La frase la recupera el geógrafo Peter Hall desde las crónicas del Londres victoriano, usada para describir los tugurios miserables en donde se apiñaba la clase obrera, como despojos de la Revolución Industrial. Una ciudad recóndita para la clase acomodada, en donde el paisaje era una noche eterna, con callejones sin luz y habitáculos pestilentes. El surgimiento de la metrópolis moderna, además de reproducir la pobreza y el hacinamiento, incorporó en las ciudades un nuevo concepto: el de la otredad. Por su tamaño, por su nueva dimensión multitudinaria, la gran ciudad permitió a las personas perderse románticamente en el anonimato; pero, también, comenzar a figurar un otro mundo que, a pesar de estar a escasas cuadras, no se conocería jamás.
El lugar de los unos y el de los otros, los inicios de la segregación socioespacial. La burguesía podía vivir una vida entera sin mezclarse con el bajo pueblo, enterándose por la prensa de su existencia. La idea de regular la calidad de la vivienda y los abusos ambientales a los que estaba sometido el proletariado fue levantada a punta de descripciones en la prensa de las miserables condiciones de vida de la otra mitad. Macabras y sumamente indigestas en la hora del té.

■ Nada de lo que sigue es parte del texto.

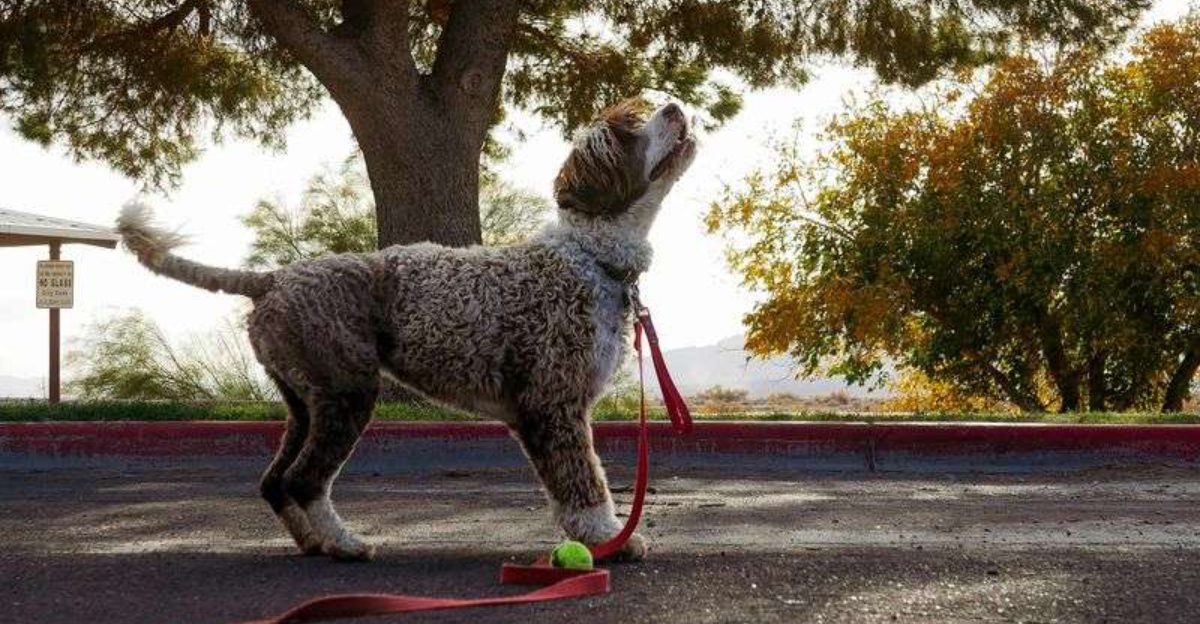 15 breeds that bond through scent work more than obedience drills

La idea de una sociedad polar, sin matices, que vive indiferente e ignorante la una de la otra, nos calza muy bien con la rancia imagen de la burguesía del XIX: superficial, ostentosa y ridículamente remilgada. Pero al volver a hablar hoy de integración social en las ciudades, vemos que esa otredad victoriana ha cambiado solo en matices. Los antiguos callejones con acequias desbordadas han mutado en noches iluminadas por las bengalas y ráfagas de los narcotraficantes que se han apoderado de los barrios. Nuevos hacinamientos, nuevas formas de explotación humanas, carpas y vendedores en las calles con historias infinitas. Formamos parte de una sociedad que se sigue enterando en la prensa de las penurias de la otra. Creemos que compartimos una ciudad común, pero nos movemos dentro de fronteras tácitas, siempre dispuestos a defender la hermeticidad de nuestro territorio de confort. Y como la sociedad decimonónica, seguiremos ignorantes de la ciudad “otra”, hasta que encarnemos en lo propio algo de sus oscuridades. Para eso es que los victorianos de hoy necesitamos de una educativa integración social.